» **ASSIGNMENT**
If a line of the data below holds the word "review", list it.

» **Stored data**
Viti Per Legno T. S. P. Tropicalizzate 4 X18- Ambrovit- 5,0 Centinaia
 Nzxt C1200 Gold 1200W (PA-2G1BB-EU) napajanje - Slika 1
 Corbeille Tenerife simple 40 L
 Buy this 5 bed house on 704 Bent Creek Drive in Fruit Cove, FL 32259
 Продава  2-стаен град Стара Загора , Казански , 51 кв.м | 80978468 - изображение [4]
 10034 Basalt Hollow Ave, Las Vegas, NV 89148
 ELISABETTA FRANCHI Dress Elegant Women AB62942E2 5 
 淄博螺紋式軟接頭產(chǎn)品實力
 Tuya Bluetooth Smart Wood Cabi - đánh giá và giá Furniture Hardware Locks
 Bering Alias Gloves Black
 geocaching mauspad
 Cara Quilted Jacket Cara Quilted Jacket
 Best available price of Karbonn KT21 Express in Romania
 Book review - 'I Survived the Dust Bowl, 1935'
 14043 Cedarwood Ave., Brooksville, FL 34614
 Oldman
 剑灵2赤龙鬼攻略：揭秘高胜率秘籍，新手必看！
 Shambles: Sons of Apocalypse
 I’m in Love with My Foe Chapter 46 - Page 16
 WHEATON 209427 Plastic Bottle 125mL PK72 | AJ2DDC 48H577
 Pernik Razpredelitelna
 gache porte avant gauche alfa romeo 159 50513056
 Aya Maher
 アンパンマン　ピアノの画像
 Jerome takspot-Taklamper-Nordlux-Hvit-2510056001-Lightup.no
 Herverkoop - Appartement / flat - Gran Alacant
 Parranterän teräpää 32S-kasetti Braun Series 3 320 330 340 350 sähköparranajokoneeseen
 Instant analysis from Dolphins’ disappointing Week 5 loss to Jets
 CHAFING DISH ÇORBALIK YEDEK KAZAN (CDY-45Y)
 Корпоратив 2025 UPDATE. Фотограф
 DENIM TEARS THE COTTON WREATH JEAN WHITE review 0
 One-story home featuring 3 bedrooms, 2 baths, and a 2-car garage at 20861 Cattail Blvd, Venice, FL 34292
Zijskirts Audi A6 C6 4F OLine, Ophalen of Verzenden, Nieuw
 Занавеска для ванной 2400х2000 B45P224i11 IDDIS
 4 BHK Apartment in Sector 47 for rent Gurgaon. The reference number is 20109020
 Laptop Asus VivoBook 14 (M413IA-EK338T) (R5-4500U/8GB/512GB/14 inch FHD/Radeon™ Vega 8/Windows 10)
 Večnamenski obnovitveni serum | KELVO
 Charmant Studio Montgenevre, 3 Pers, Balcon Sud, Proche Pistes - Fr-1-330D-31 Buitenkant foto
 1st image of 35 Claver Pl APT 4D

» **ANSWER**
 Book review - 'I Survived the Dust Bowl, 1935'
 DENIM TEARS THE COTTON WREATH JEAN WHITE review 0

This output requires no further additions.